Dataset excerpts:
══════════
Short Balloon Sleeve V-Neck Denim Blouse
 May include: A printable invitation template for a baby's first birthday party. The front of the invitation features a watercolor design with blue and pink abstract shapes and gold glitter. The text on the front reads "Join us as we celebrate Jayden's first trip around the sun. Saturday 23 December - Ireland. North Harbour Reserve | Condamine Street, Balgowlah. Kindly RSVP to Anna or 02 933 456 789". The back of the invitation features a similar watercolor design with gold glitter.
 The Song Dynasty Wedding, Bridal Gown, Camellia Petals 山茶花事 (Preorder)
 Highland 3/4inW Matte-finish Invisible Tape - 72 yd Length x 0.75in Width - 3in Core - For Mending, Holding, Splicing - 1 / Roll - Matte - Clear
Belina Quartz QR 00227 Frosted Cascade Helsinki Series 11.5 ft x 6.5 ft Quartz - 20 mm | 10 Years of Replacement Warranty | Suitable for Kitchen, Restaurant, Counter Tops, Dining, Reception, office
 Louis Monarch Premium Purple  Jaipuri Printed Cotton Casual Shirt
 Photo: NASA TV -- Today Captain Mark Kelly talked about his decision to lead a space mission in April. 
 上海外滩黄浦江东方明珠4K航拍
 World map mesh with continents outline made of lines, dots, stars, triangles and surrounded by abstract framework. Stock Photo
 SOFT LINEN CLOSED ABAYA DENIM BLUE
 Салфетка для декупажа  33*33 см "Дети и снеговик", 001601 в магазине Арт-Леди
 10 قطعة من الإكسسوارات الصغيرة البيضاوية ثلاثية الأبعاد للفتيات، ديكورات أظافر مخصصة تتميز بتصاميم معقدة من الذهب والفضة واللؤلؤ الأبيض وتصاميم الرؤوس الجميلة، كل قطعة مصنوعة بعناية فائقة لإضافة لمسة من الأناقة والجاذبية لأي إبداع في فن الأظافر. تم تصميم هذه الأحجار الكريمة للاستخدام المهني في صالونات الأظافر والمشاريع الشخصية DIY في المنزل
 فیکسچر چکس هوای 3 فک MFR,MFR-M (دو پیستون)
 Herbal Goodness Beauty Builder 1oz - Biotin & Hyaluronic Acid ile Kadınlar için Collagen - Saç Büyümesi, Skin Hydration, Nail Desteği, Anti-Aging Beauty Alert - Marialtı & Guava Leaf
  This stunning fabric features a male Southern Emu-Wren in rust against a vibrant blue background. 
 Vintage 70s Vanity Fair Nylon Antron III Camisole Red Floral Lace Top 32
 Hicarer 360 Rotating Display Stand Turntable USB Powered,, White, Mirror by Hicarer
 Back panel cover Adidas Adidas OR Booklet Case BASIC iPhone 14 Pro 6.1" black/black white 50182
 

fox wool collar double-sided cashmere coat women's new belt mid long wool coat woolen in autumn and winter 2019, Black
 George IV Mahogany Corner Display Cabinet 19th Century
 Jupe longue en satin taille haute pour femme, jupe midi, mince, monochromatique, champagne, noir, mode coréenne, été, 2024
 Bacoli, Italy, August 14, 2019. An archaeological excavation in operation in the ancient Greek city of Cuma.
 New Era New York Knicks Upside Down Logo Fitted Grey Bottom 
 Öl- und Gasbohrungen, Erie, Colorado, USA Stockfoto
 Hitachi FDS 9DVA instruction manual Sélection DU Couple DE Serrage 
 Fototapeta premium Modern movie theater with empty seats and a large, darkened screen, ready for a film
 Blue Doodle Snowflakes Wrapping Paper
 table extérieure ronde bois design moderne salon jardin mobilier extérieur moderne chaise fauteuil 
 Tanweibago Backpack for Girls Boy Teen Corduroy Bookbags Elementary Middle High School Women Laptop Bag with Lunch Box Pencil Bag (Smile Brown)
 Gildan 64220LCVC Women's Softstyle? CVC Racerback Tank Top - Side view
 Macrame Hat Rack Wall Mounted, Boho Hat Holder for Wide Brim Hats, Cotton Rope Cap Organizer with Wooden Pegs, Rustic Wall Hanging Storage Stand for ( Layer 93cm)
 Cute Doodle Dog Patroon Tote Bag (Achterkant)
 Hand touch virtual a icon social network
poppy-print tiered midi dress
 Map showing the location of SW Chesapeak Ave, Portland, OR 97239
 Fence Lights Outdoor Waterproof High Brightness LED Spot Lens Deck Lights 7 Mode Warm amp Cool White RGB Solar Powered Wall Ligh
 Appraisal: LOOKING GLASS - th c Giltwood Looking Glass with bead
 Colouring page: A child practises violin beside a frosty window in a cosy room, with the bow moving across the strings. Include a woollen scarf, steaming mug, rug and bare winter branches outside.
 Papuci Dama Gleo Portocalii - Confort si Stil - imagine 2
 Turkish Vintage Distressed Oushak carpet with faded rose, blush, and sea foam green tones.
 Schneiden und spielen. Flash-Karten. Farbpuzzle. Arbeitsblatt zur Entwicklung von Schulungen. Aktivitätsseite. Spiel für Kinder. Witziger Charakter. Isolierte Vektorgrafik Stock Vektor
══════════
= Task prompt =
The lines to return are those with the string "features" in them; copy each from the entries above.

= Reply =
 May include: A printable invitation template for a baby's first birthday party. The front of the invitation features a watercolor design with blue and pink abstract shapes and gold glitter. The text on the front reads "Join us as we celebrate Jayden's first trip around the sun. Saturday 23 December - Ireland. North Harbour Reserve | Condamine Street, Balgowlah. Kindly RSVP to Anna or 02 933 456 789". The back of the invitation features a similar watercolor design with gold glitter.
  This stunning fabric features a male Southern Emu-Wren in rust against a vibrant blue background. 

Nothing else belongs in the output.